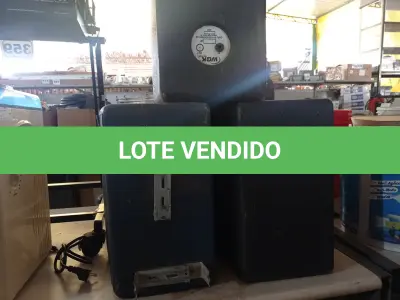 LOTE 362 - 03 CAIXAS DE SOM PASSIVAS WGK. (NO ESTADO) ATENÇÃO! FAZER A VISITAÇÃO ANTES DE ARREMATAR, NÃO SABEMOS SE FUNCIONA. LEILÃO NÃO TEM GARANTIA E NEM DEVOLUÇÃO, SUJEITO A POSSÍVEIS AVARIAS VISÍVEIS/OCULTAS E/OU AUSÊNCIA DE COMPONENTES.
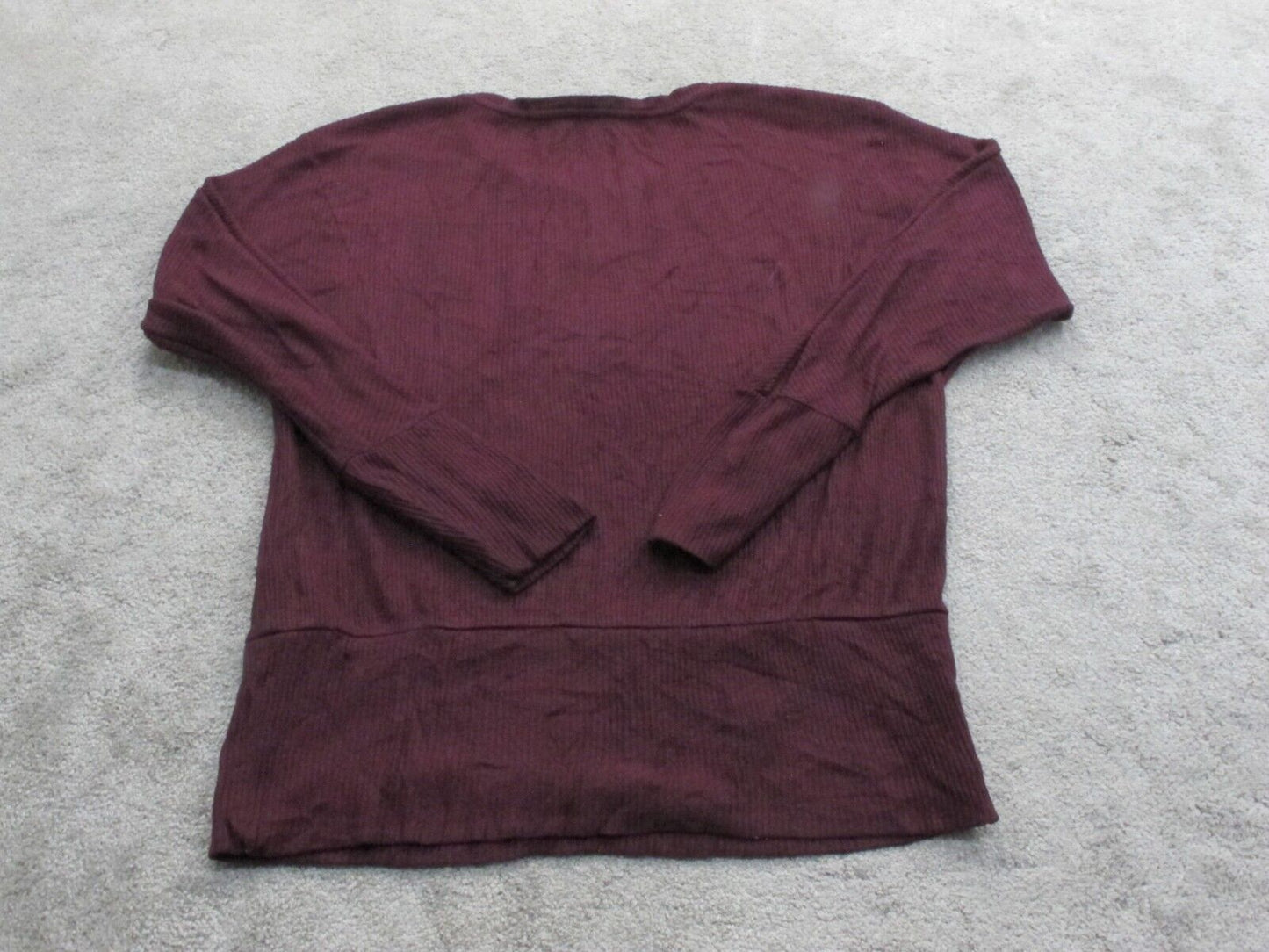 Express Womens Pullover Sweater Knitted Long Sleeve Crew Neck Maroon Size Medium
+ + + +
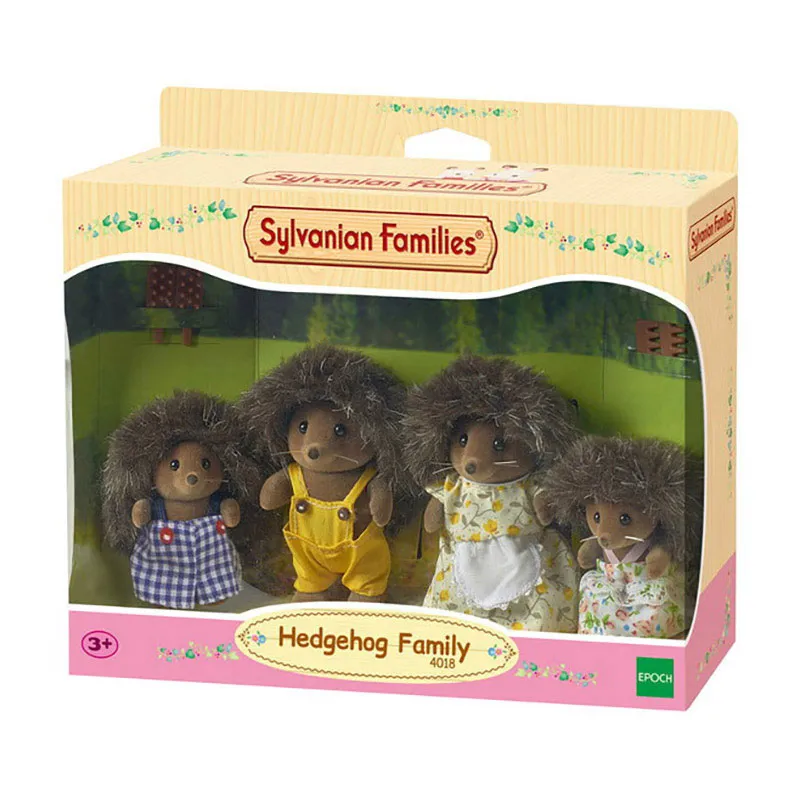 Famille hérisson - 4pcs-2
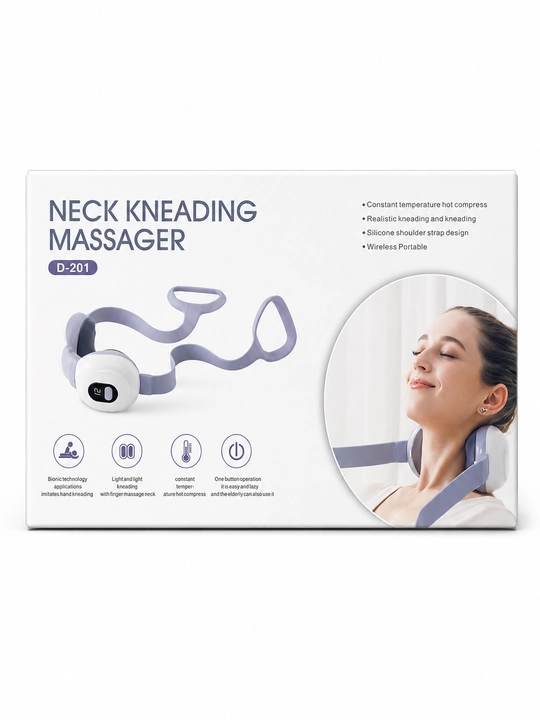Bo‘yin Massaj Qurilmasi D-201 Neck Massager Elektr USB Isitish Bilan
+ + + +
▶ [Work order]: Reproduce the data above exactly, but only from the line containing "LOTE 362 - 03" through the line containing "Express Womens Pullover"; skip the pictures.

▶ [Finished task]:
 LOTE 362 - 03 CAIXAS DE SOM PASSIVAS WGK. (NO ESTADO) ATENÇÃO! FAZER A VISITAÇÃO ANTES DE ARREMATAR, NÃO SABEMOS SE FUNCIONA. LEILÃO NÃO TEM GARANTIA E NEM DEVOLUÇÃO, SUJEITO A POSSÍVEIS AVARIAS VISÍVEIS/OCULTAS E/OU AUSÊNCIA DE COMPONENTES.
 Express Womens Pullover Sweater Knitted Long Sleeve Crew Neck Maroon Size Medium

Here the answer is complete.